▶ [To do] From the listing that follows, output everything exactly except the pictures.

▶ [Data shown]

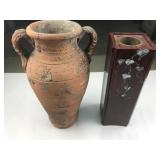 2 vases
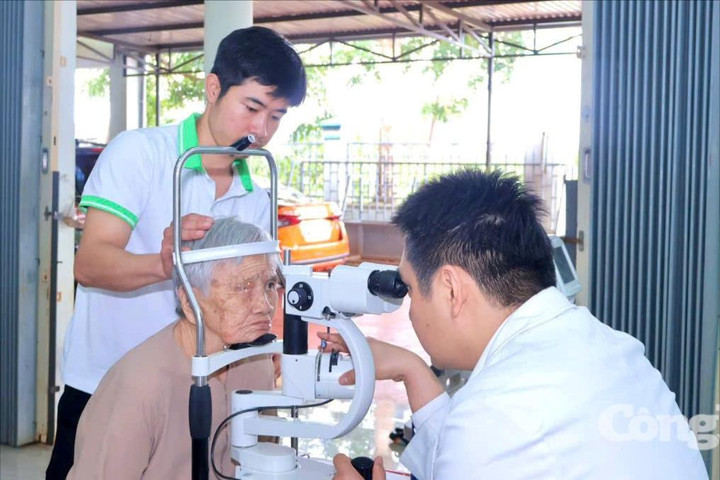 Bệnh viện Mắt Cao Nguyên và Báo Công lý phối hợp khám mắt nhân đạo cho nhân dân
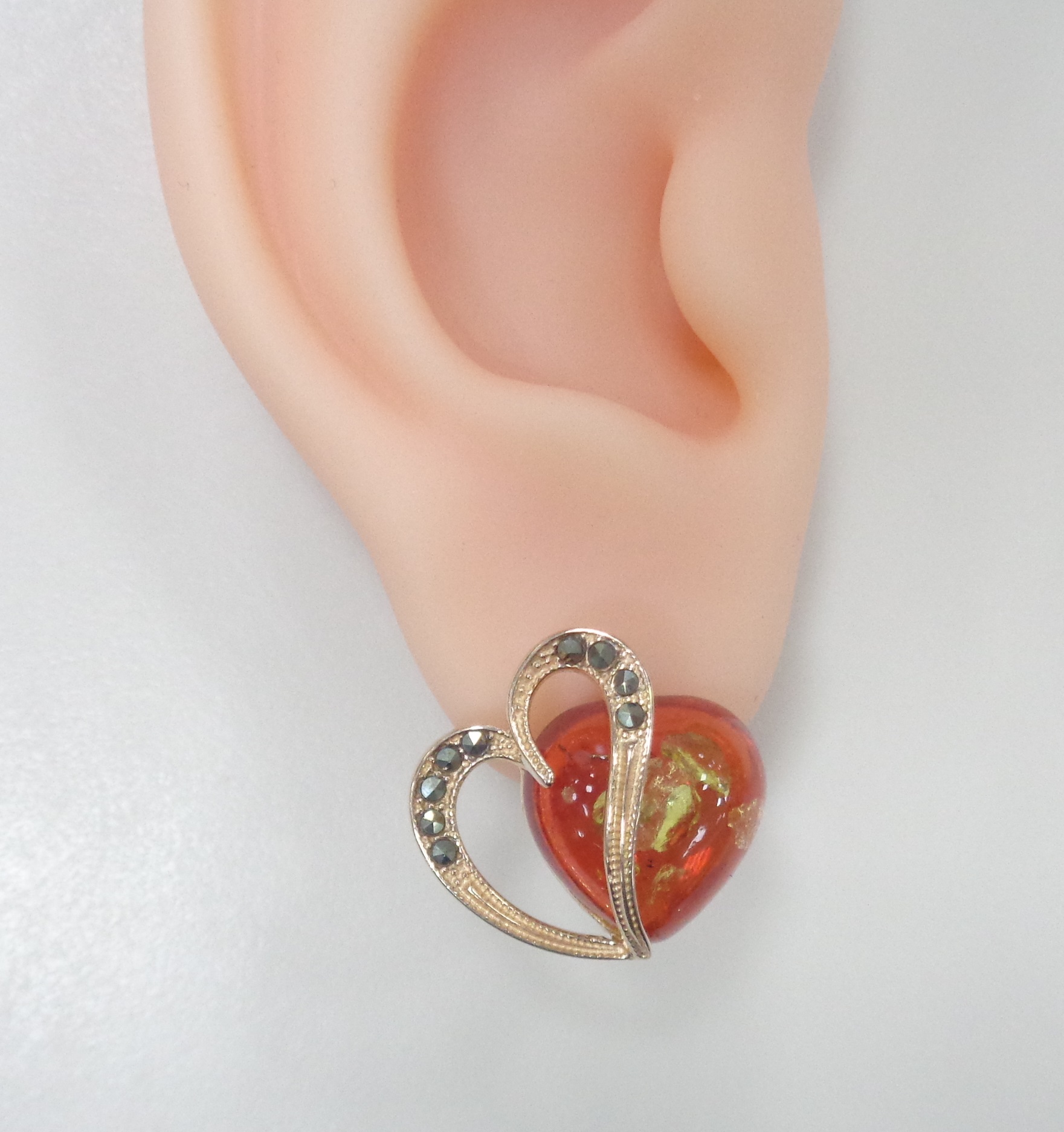 Серебряные серьги с янтарем "Сердца"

▶ [Written response]
 2 vases
 Bệnh viện Mắt Cao Nguyên và Báo Công lý phối hợp khám mắt nhân đạo cho nhân dân
 Серебряные серьги с янтарем "Сердца"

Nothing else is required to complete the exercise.